TRY IT:
Every line of the following records that includes "Straight" should be copied.

____________

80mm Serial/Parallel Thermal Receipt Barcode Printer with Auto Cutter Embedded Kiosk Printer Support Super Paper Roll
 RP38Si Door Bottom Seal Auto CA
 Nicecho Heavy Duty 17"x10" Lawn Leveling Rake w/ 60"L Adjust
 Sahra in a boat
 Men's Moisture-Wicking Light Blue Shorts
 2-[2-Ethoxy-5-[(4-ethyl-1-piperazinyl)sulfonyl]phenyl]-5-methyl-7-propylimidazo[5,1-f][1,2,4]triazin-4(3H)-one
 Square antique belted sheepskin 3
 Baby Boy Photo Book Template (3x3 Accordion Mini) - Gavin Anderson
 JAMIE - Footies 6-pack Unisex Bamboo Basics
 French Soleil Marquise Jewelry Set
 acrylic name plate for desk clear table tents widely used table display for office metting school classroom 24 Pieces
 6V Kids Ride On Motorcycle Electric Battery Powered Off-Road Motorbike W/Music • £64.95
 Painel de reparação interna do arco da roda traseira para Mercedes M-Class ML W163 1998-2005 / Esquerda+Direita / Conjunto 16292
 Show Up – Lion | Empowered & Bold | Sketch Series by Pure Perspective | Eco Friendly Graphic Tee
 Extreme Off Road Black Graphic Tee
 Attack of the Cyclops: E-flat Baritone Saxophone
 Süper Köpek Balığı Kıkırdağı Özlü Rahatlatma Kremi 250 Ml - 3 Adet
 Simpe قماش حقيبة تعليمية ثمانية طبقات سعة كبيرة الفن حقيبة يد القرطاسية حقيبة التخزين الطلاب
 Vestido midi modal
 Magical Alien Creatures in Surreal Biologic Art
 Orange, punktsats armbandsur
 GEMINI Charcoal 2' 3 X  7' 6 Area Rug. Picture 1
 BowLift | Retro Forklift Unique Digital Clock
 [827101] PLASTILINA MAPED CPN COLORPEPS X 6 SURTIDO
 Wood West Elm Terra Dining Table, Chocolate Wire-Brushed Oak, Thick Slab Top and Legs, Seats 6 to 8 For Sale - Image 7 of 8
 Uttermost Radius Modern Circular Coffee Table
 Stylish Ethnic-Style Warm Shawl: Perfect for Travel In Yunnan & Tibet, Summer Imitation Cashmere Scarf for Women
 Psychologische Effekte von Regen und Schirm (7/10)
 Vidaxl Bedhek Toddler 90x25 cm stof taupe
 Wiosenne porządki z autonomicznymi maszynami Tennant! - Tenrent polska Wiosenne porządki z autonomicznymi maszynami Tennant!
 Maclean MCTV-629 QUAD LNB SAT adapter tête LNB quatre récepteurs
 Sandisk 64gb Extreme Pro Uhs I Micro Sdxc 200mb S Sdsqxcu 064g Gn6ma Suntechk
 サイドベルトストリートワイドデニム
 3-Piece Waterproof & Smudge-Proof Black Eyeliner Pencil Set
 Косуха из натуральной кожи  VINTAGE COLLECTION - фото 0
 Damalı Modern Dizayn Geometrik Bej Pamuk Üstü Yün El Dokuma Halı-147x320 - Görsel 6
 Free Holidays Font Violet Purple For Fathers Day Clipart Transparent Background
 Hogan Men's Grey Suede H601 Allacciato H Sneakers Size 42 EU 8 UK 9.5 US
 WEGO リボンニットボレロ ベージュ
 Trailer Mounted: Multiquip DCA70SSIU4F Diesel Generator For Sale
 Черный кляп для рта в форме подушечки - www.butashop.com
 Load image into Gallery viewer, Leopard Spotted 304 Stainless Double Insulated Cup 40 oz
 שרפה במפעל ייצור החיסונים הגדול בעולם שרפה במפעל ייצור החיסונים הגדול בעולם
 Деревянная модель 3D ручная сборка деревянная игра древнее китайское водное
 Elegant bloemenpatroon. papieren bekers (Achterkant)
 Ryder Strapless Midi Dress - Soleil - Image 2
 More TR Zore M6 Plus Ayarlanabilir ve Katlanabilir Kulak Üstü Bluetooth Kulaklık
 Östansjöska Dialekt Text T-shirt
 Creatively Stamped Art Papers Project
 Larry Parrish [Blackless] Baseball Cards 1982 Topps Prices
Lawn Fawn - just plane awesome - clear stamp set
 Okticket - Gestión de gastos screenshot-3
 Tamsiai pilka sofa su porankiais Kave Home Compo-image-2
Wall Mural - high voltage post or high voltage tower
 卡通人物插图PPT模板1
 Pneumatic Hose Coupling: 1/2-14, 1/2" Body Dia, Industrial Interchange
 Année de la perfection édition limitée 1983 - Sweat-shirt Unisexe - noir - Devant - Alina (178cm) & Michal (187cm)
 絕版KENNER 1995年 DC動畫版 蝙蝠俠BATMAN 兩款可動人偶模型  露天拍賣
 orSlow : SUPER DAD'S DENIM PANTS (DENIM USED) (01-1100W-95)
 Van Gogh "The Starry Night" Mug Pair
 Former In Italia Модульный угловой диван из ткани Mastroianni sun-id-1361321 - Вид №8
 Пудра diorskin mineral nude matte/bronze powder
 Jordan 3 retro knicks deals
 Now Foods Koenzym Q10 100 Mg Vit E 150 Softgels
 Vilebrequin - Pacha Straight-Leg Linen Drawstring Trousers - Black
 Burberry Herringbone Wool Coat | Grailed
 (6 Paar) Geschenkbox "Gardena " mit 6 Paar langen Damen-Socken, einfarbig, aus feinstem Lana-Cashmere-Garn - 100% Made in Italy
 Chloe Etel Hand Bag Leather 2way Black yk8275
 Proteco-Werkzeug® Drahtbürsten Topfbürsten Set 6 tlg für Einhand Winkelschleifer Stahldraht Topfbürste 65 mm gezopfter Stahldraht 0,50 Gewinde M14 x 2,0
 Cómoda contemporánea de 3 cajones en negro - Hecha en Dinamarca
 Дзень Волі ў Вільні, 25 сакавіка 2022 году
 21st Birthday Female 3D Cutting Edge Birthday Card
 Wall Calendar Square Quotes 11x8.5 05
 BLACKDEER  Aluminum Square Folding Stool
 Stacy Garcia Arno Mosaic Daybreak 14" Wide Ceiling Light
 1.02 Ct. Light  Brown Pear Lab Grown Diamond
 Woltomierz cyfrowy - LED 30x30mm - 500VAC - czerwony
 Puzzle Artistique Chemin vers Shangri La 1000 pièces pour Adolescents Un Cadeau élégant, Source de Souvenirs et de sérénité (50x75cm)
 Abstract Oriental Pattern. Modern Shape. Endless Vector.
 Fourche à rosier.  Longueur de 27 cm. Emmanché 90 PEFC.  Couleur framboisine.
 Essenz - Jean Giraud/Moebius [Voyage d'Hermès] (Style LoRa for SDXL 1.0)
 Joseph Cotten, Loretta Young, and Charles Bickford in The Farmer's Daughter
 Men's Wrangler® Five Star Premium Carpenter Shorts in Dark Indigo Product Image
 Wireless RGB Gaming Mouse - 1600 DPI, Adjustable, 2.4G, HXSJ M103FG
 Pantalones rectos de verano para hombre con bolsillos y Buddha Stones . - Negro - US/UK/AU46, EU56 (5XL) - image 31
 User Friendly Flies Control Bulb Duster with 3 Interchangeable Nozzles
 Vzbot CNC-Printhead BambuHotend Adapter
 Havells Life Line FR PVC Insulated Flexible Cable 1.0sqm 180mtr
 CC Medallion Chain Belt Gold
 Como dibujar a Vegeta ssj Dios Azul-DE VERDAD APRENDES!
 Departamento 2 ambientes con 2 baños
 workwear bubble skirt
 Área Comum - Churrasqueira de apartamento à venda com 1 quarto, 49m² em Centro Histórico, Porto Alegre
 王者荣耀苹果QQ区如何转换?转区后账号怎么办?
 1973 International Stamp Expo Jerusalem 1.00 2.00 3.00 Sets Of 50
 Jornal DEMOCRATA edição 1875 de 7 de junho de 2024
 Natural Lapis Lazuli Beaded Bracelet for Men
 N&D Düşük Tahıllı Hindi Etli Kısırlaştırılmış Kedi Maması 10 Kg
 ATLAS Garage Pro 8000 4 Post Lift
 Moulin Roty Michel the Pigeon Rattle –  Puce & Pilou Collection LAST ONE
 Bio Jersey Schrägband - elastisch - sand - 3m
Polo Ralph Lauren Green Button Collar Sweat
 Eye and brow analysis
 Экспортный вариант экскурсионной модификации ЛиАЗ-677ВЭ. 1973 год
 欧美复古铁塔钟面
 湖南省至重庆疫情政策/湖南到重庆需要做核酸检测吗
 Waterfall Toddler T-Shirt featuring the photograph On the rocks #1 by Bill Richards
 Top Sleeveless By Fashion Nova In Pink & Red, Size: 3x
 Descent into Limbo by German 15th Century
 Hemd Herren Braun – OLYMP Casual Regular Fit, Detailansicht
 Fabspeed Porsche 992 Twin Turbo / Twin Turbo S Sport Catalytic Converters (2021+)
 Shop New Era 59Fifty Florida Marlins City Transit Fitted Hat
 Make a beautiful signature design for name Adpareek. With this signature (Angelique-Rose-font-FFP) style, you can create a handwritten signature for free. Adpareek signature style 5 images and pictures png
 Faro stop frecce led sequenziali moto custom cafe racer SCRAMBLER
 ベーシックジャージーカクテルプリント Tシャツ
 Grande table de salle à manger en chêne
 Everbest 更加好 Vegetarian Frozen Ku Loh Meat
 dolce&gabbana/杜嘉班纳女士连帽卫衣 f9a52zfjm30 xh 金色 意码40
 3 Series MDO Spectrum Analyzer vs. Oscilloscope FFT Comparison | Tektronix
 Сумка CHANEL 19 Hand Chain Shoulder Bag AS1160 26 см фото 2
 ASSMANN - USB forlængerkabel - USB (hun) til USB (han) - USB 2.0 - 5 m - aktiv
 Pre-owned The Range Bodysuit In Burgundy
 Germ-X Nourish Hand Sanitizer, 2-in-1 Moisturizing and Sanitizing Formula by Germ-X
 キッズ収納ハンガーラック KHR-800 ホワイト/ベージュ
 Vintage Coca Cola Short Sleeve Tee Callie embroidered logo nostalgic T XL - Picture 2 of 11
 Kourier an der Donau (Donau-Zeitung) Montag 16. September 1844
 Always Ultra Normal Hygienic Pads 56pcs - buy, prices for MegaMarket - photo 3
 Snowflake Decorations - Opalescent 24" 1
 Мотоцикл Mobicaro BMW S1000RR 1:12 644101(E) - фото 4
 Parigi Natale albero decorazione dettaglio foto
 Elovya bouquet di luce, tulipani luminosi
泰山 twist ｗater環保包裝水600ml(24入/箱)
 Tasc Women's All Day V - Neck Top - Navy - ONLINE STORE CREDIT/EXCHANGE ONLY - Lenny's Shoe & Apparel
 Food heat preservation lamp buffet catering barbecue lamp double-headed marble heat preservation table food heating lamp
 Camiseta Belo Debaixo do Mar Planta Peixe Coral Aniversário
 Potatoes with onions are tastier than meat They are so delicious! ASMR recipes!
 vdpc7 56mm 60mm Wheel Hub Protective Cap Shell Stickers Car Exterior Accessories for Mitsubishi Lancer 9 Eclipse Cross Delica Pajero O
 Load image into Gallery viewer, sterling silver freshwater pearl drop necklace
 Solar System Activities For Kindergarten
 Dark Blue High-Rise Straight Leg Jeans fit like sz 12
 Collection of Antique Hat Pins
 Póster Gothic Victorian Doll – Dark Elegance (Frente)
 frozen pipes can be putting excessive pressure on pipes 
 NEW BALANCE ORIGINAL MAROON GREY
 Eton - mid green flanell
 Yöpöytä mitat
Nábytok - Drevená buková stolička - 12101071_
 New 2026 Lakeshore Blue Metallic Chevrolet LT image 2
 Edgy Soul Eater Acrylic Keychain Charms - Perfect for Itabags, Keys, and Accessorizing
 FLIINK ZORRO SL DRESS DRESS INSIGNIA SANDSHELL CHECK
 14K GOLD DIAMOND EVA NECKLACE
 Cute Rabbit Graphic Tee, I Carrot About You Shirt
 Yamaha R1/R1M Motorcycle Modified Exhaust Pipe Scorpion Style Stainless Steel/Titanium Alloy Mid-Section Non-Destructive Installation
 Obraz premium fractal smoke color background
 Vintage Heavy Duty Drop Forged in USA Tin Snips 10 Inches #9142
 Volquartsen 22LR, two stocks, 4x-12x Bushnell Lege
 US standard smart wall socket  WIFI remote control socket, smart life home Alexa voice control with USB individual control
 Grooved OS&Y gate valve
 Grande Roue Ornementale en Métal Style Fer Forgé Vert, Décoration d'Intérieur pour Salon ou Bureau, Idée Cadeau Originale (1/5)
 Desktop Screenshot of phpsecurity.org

____________

THE ANSWER:
 Vilebrequin - Pacha Straight-Leg Linen Drawstring Trousers - Black
 Dark Blue High-Rise Straight Leg Jeans fit like sz 12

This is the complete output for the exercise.